§ **Task prompt**:
Give exactly the lines from the one that contains "Women's Collar Ruffle" through the end of the entries below, both included; the pictures stay out.

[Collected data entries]
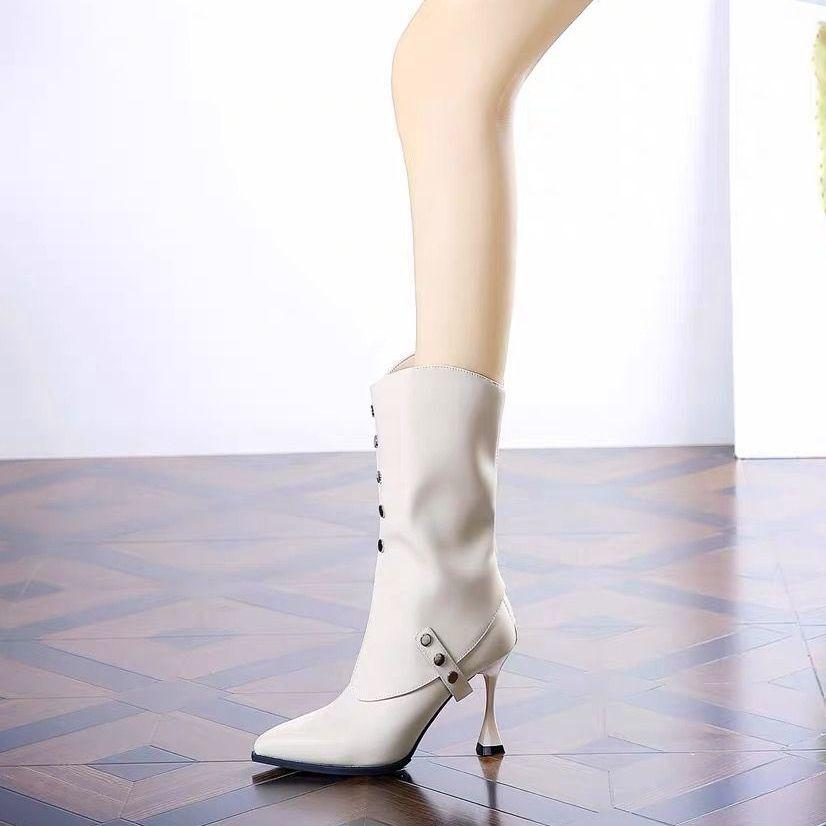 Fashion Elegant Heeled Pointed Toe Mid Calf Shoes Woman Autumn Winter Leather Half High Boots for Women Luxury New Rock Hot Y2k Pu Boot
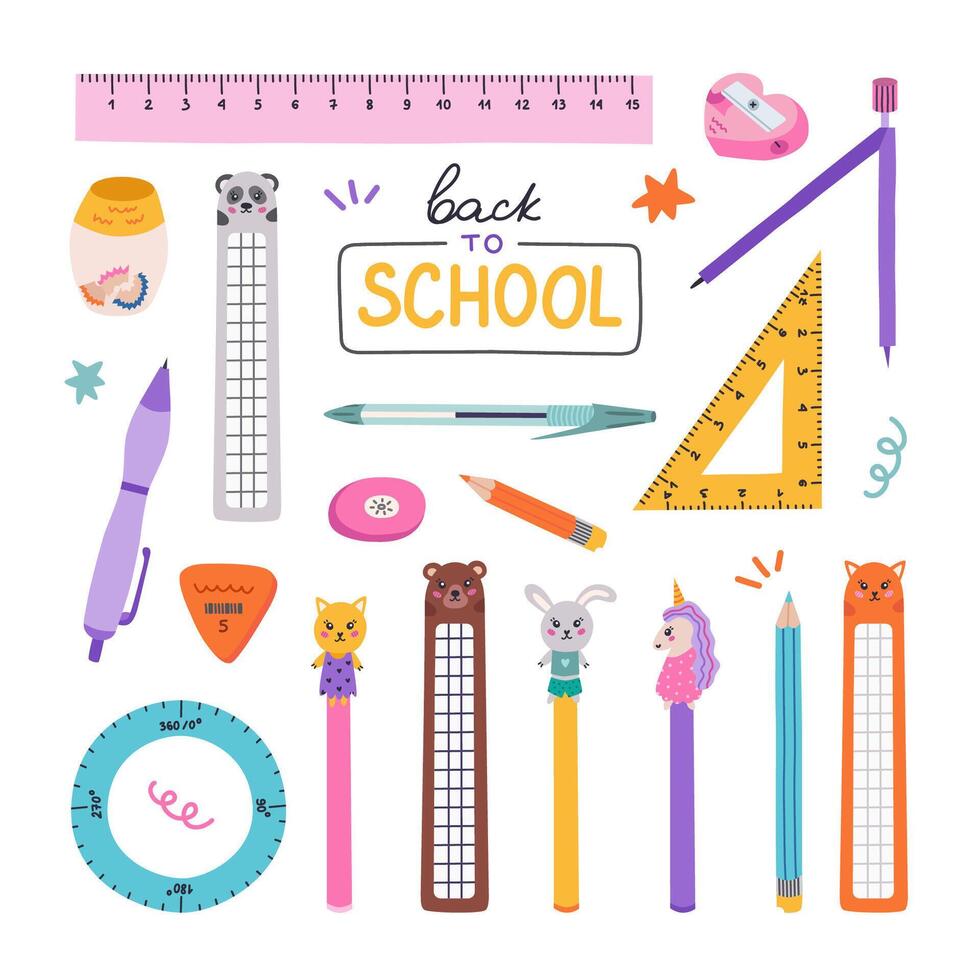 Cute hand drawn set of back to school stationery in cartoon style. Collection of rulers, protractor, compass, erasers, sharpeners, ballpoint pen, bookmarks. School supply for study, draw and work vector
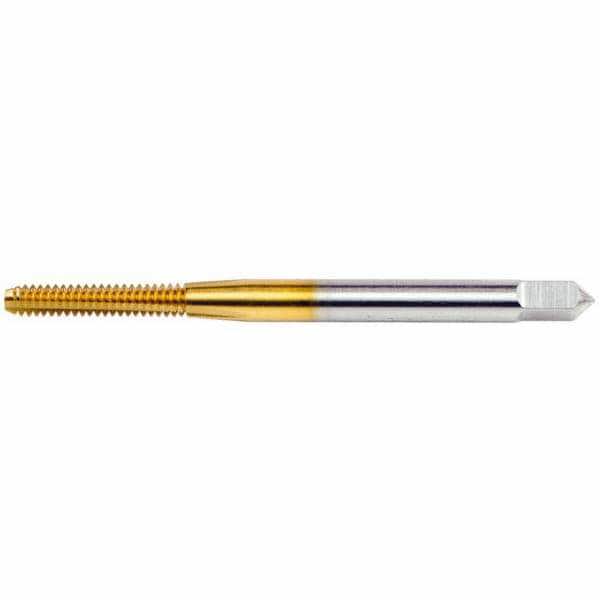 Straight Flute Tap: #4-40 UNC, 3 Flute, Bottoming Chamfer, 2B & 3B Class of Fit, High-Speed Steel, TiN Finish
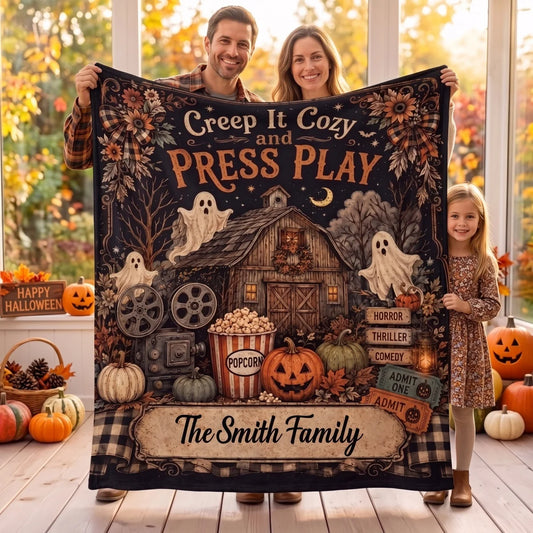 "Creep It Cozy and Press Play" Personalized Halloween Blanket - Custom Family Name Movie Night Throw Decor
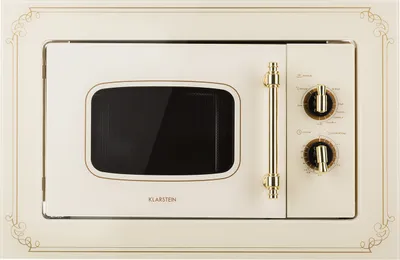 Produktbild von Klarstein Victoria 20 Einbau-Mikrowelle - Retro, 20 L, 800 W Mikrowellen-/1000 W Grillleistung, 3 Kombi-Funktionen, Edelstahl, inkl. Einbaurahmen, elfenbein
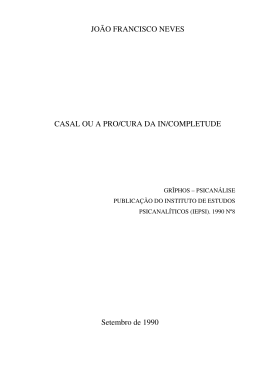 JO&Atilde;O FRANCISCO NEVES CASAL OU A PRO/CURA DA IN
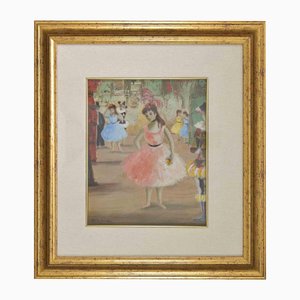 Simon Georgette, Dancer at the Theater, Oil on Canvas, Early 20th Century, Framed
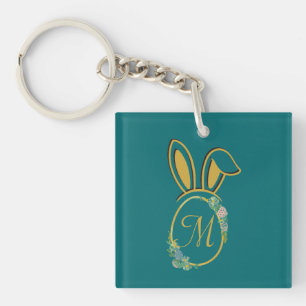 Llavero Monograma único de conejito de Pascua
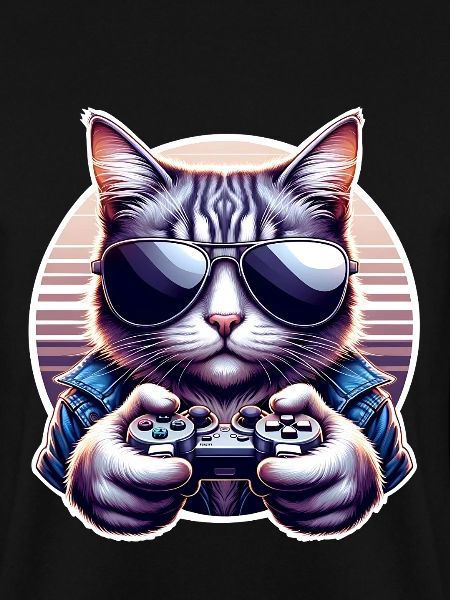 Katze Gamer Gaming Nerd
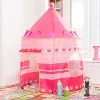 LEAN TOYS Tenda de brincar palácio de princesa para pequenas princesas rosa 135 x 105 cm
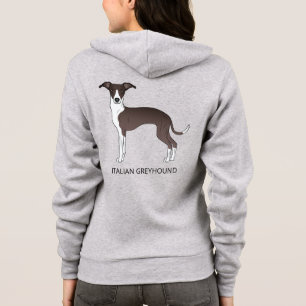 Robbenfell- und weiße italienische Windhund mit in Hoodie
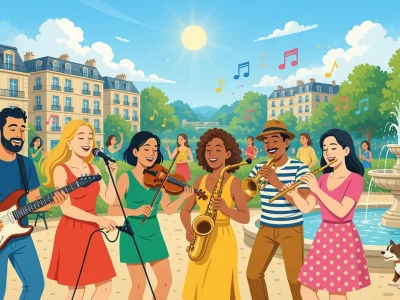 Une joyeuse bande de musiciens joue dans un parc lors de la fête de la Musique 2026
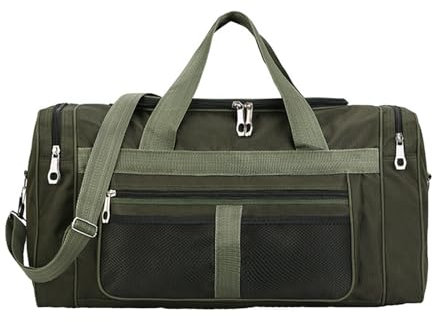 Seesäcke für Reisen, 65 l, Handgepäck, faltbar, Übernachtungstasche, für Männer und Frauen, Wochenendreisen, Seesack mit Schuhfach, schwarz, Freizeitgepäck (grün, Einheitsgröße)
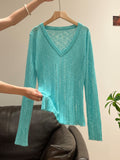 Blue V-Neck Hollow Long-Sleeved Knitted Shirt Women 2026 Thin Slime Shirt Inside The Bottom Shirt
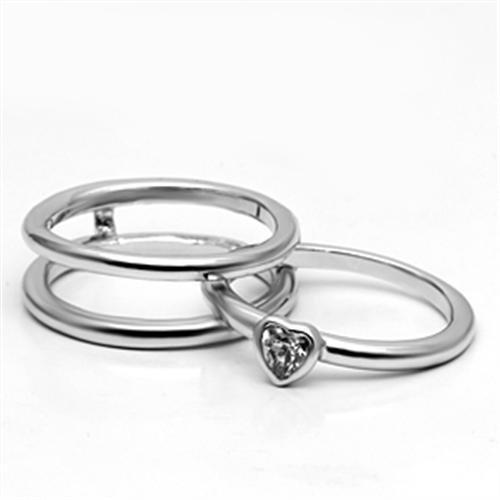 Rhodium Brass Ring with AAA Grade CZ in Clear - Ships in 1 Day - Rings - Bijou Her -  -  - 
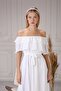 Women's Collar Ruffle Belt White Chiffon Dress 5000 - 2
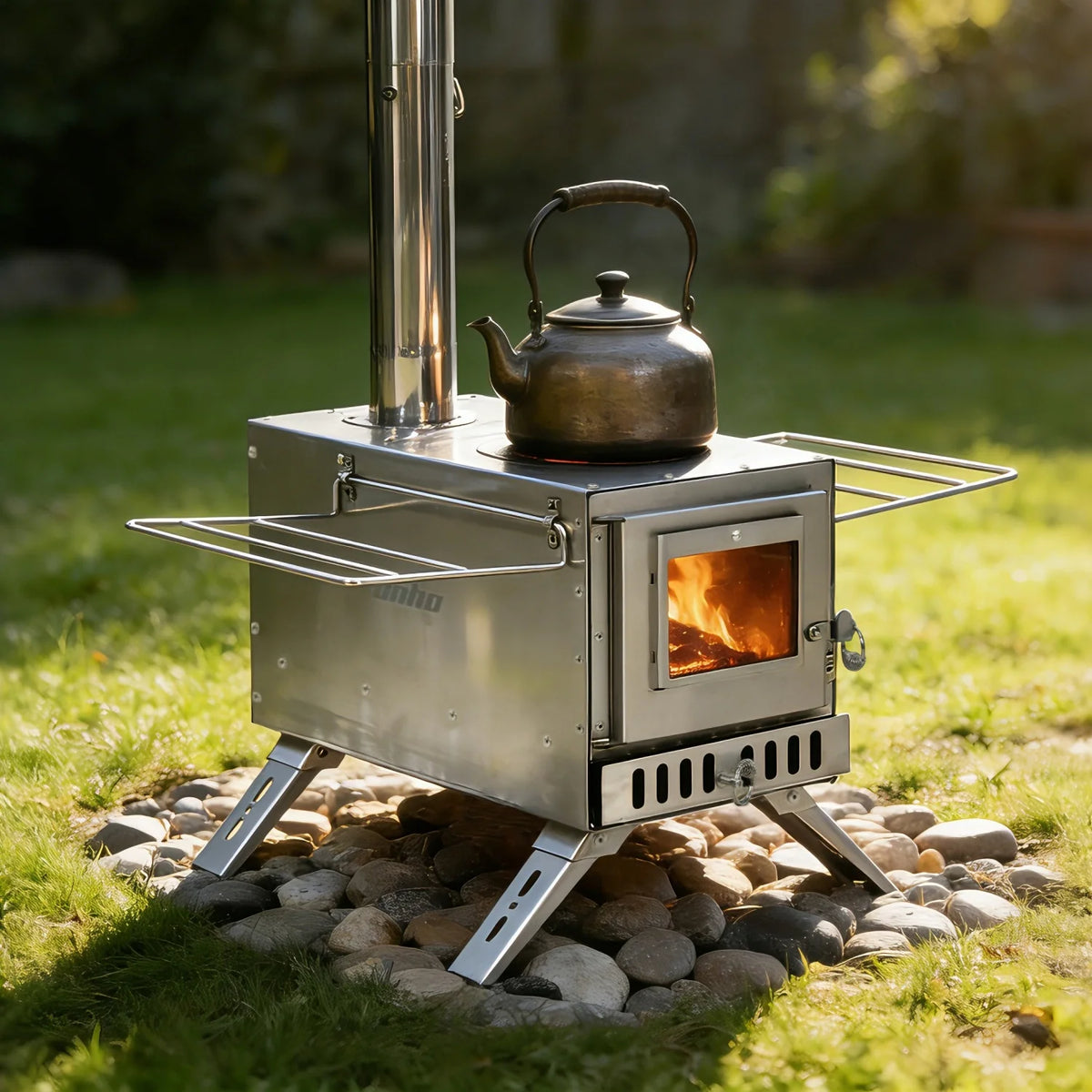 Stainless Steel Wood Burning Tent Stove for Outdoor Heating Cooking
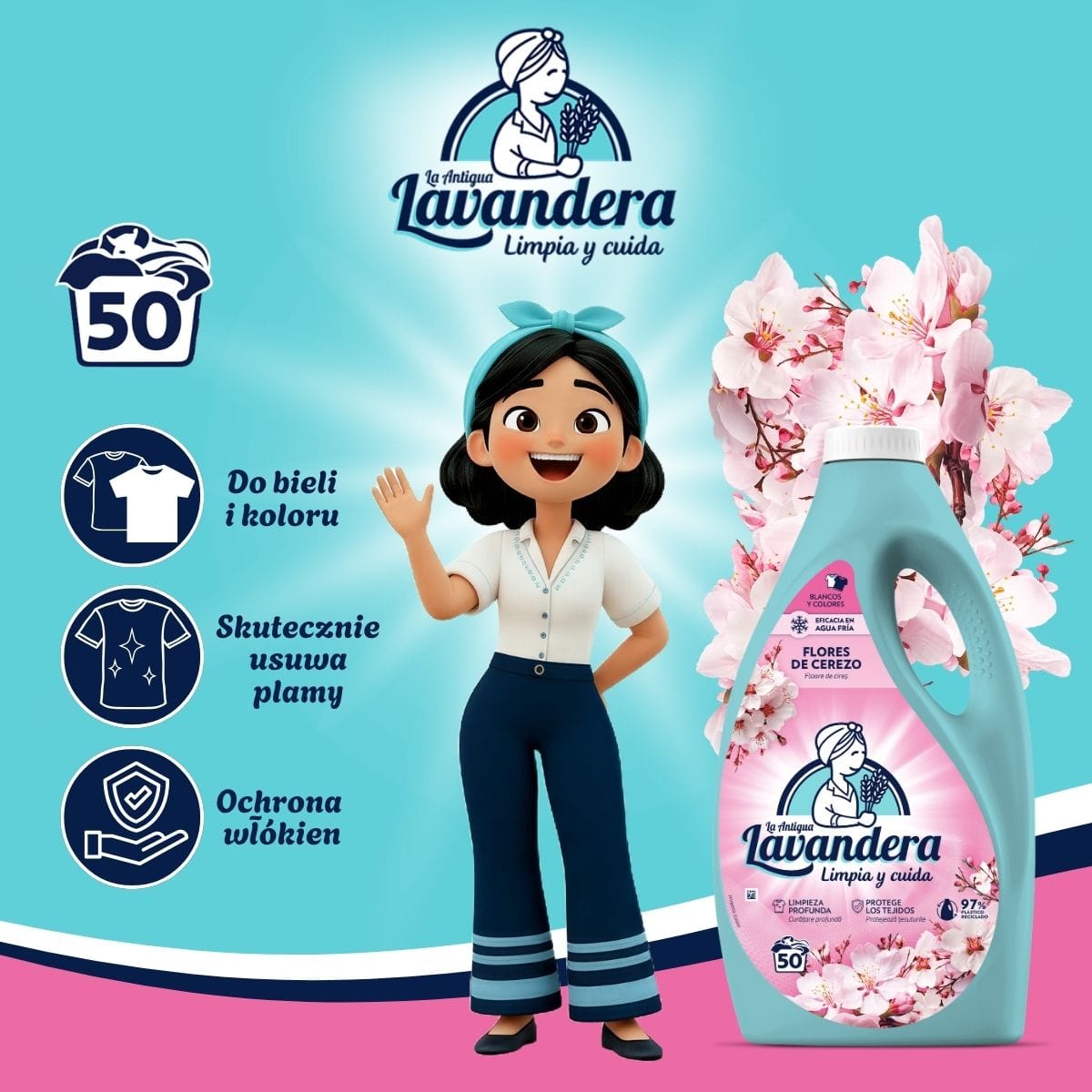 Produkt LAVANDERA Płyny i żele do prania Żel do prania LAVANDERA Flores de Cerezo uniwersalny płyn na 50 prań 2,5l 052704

§ **Solution to this task**:
 Women's Collar Ruffle Belt White Chiffon Dress 5000 - 2
 Stainless Steel Wood Burning Tent Stove for Outdoor Heating Cooking
 Produkt LAVANDERA Płyny i żele do prania Żel do prania LAVANDERA Flores de Cerezo uniwersalny płyn na 50 prań 2,5l 052704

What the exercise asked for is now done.